Economic recovery, when it comes, will be slow and fragile - not a swift return to normal in the sense of conditions prevailing before last year's crash.
That was the warning from several economic commentators last week.
AXA Global Investors chief economist Bevan Graham, in the fund manager's Quarterly Strategic Outlook, said recovery would come, but not until late this year at the earliest, and it would be subdued and have a few false starts.
"We remain concerned about the nature of the recovery that is expected to emerge in developed markets in 2010. It will largely be driven by fiscal stimulus rather than any underlying economic robustness and could therefore be termed somewhat artificial," Graham said.
"What we are seeing now is payback for years of over-investing in housing and over-consumption on the back of unsustainable growth in house prices."
Households need to reduce debt and they would not be able to do that and increase consumption at the same time.
The English-speaking countries which have been running large current account deficits need to focus on increasing exports.
But this is not only a deep but a synchronised global recession.
"We can't all export our way out of trouble.

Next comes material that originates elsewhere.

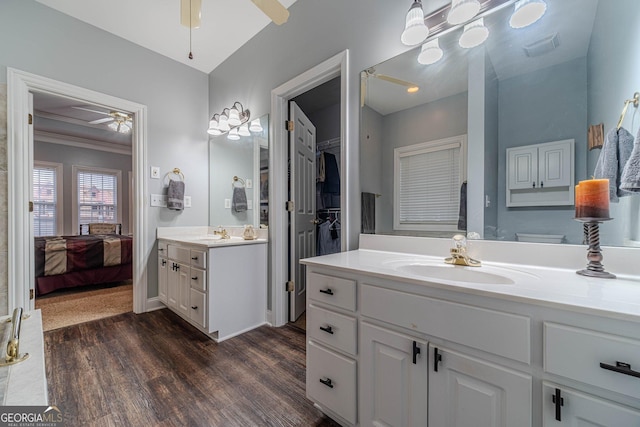 bathroom featuring vanity, hardwood / wood-style floors, crown molding, and ceiling fan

Some countries need to do the importing," Graham said.
The obvious candidates are the countries that have been running current account surpluses, notably China, Japan and Germany. But they are also being hit hard by the implosion in world trade.
Graham expects emerging market economies to outperform the developed world in growth, as they have for the past decade, in part because their average levels of household and government debt, relative to GDP, are much lower.

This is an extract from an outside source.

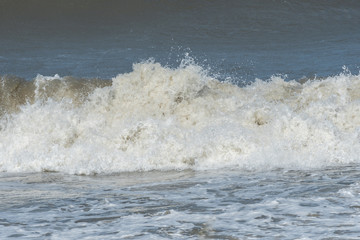 Closeup of wave crashing onto the beach.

Deutsche Bank forecasts the Group of Seven big industrial economies to contract by 3.5 per cent this year, led by a 7.6 per cent contraction in Japan.
But among New Zealand's trading partners the contraction is expected to be a more modest 1.6 per cent.
Its chief economist, Darren Gibbs, said the contraction in global demand was mainly in consumer durables and capital goods, rather than food, which was the mainstay of New Zealand's's exports.
Jerry Jordan, a former president of the Cleveland Fed, who was visiting New Zealand last week, said that while people talked of conditions returning to normal, that should not be thought of as a return to the levels of consumption and activity the United States had enjoyed before the financial crisis.
US consumption had been turbocharged by very high levels of equity withdrawal from housing, approaching US$700 billion ($1.38 trillion) a year. It was that phenomenon - using the house as a cash machine - that had sustained demand for 17 million new cars a year, and so on.
In New Zealand, the Institute of Economic Research warned in its Quarterly Predictions that it would be a "long, slow grind back to economic normality".
It would take around four years for growth to return to more than 3 per cent a year, institute chief economist Johannah Branson said.
Employers' ability to hoard labour, and employees' sense of job security, would be key factors.
Bank of New Zealand chief economist Tony Alexander points to several factors which should mitigate the downturn in this country but stresses that they only limit the depth of the recession.
One is a boost in net migration as fewer New Zealanders leave and more expatriates return. Another is the structure of the economy, which is less reliant than many developed countries on manufacturing and financial services.
And the kiwi dollar's sharp decline has helped insulate the export sector.